Pero la paradoja más inquietante en torno a este tema es: ¿por qué actuamos voluntariamente como colaboradores necesarios en este modelo dándole sin parar al engranaje de nuestra propia esclavitud?

Resumiendo, hasta el momento, los esclavos energéticos, la deslocalización y la racionalización de los procesos reconvierten el trabajo, aquel castigo divino, en bien escaso y deseable, porque casi nadie pondrá en duda que quien hoy tiene trabajo es un “privilegiado”, aunque este sea precario e indigno.

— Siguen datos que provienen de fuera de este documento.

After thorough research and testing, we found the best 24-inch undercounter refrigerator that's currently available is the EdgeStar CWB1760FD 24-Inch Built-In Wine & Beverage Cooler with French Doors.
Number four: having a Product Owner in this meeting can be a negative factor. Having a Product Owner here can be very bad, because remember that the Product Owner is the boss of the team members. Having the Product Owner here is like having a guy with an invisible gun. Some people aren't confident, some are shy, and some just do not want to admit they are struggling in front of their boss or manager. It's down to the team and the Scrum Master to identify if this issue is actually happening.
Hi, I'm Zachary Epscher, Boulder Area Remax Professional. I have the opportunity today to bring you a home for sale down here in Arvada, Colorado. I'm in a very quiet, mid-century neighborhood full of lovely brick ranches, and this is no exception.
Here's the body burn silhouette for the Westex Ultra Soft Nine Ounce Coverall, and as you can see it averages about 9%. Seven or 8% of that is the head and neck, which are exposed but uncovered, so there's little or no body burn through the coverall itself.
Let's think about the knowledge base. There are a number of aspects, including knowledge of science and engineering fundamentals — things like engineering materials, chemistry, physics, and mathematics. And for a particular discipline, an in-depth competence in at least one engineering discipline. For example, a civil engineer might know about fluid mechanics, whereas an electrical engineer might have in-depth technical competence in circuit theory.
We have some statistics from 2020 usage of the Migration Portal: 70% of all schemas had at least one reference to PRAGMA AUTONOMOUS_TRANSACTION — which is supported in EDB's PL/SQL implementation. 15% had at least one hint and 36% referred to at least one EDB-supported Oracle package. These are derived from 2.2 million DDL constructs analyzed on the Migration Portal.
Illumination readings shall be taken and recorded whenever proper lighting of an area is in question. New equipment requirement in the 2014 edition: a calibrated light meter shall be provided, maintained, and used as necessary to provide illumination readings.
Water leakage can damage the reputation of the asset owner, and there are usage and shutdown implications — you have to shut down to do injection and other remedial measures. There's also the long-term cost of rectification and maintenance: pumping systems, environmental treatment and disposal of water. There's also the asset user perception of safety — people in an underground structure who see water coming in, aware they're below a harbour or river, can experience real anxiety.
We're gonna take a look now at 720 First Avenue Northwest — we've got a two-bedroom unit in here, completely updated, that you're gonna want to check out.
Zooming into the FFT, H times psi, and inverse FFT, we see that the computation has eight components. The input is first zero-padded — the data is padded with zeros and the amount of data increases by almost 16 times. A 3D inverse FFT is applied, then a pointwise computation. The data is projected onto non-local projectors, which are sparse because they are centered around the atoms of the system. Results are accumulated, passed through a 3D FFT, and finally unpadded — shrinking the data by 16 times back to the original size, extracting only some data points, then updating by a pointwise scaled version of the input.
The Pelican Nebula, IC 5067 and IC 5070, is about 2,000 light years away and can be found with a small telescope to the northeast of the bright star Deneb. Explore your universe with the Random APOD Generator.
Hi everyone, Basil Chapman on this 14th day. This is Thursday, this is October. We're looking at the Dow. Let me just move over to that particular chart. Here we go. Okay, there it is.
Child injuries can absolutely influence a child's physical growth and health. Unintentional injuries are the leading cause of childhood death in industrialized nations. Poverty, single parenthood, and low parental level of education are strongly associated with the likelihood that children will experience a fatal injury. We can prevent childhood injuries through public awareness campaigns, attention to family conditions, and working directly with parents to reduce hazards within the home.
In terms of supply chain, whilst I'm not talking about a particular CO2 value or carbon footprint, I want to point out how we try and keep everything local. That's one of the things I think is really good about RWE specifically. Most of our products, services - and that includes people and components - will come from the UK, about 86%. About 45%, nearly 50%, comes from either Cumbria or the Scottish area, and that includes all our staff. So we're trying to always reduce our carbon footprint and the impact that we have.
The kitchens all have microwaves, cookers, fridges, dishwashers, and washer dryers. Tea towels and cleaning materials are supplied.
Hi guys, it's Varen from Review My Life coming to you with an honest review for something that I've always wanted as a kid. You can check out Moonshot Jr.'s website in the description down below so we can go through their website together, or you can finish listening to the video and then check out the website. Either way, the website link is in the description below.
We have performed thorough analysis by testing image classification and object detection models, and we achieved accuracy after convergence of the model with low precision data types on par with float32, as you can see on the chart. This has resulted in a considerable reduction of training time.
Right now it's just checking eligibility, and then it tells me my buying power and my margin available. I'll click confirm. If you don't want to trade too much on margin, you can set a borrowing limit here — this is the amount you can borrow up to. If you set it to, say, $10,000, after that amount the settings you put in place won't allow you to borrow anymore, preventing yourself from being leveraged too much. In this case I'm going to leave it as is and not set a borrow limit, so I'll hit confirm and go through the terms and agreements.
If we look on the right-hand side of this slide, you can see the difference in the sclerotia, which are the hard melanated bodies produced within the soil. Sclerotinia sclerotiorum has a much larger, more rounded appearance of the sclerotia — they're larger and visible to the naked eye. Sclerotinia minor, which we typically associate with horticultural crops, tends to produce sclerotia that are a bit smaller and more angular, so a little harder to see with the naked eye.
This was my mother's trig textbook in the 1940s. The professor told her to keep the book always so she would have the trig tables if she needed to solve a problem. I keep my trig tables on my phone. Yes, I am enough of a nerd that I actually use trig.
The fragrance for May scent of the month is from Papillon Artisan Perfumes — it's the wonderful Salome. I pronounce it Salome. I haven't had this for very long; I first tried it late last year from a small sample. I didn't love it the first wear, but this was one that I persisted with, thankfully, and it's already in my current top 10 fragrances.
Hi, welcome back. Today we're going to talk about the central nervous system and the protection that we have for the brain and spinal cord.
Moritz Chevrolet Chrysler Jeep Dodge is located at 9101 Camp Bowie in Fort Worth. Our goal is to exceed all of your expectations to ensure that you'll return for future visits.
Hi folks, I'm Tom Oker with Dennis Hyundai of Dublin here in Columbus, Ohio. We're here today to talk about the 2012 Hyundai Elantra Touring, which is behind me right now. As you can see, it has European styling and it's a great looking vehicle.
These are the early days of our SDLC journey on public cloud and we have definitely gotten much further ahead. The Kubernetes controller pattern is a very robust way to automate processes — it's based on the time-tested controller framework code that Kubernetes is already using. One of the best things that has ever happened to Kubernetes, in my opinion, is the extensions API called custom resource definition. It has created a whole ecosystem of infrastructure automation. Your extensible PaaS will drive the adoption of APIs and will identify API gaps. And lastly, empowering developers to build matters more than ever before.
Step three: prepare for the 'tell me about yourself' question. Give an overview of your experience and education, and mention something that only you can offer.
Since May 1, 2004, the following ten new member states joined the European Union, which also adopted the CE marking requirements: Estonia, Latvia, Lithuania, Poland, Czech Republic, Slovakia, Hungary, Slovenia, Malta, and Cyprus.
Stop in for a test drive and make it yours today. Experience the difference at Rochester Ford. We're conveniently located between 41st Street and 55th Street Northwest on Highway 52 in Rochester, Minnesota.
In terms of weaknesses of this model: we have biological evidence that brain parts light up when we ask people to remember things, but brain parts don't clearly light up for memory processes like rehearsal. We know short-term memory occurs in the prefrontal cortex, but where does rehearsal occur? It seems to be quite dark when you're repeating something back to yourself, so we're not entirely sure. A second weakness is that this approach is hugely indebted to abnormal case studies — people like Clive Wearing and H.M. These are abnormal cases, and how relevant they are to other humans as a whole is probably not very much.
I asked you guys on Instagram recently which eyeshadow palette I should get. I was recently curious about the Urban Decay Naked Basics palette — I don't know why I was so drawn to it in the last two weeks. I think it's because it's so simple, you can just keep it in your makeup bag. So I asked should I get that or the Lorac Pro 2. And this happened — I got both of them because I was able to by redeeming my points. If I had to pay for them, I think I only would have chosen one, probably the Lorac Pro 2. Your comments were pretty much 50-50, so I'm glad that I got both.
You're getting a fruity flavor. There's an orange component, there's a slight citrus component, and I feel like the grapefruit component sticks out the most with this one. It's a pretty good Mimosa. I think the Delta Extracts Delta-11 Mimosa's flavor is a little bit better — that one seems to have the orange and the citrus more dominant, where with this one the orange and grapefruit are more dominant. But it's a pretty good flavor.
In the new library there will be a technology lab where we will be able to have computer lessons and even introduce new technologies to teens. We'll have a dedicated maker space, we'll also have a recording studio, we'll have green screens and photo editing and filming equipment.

Así las cosas, necesitamos abordar esta cuestión con otra mirada, un nuevo paradigma en el que el trabajo se ajuste a nuestras necesidades y no nosotros a sus exigencias.

Una de las propuestas más solventes para resolver estas paradojas es el reparto del trabajo. Es política, social y económicamente posible trabajar menos, pero todos, y sin gran menoscabo salarial si se hace desde el bien común y la equidad. Hay estudios que avalan esta propuesta, como el del NEF (The new economics foundation), 21 horas, que propone ya en 2012 y con datos contrastables una semana laboral más corta. Hay que advertir que, para que sea posible, debería ir acompañada de un cuestionamiento riguroso del concepto de progreso y crecimiento que queremos: si seguimos pensando solo en el progreso y crecimiento material, no hay solución posible para la sostenibilidad de nuestras sociedades.

Si estamos dispuestos a renunciar a los pilares del productivismo y consumismo ciegos sobre los que malvivimos, los beneficios para todos empezarían por ganar tiempo, o sea vida, para cultivar las relaciones sociales y familiares, el cuidado de los demás; para mitigar el estrés que conlleva la sensación permanente y nunca satisfecha de que nos falta algo, el vértigo y la impaciencia del “yo, aquí, ahora”; para tomar conciencia de la cantidad de cosas que no necesitamos, reduciendo la producción imparable de más y más bienes consumibles que nos consumen; para practicar un ocio en el que desarrollar esas habilidades y aficiones propias para las que nunca encontramos espacio y, menos aún, tiempo… Y, como consecuencia, le daríamos un respiro al planeta, con la oportunidad de habitarlo desde la integración y el respeto. No olvidemos que, en este escenario de crisis climática en la que ya estamos, no es la supervivencia del planeta la que está en riesgo, sino la nuestra propia.